__DATA__:

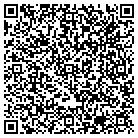 QR code with Alletta Turner Residual Cemete contacts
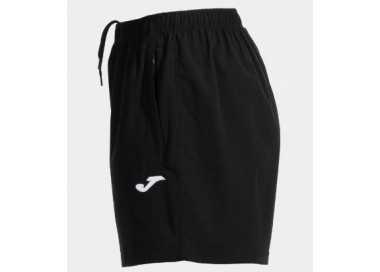 Pantalón combi joma mujer
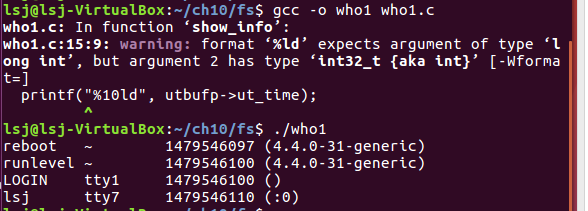 889914-20161119193749732-1085220556.png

__WHAT THE TASK REQUIRES__:
What you return should be the full listing, unchanged, minus the pictures.

__PROBLEM SOLUTION__:
 QR code with Alletta Turner Residual Cemete contacts
 Pantalón combi joma mujer
 889914-20161119193749732-1085220556.png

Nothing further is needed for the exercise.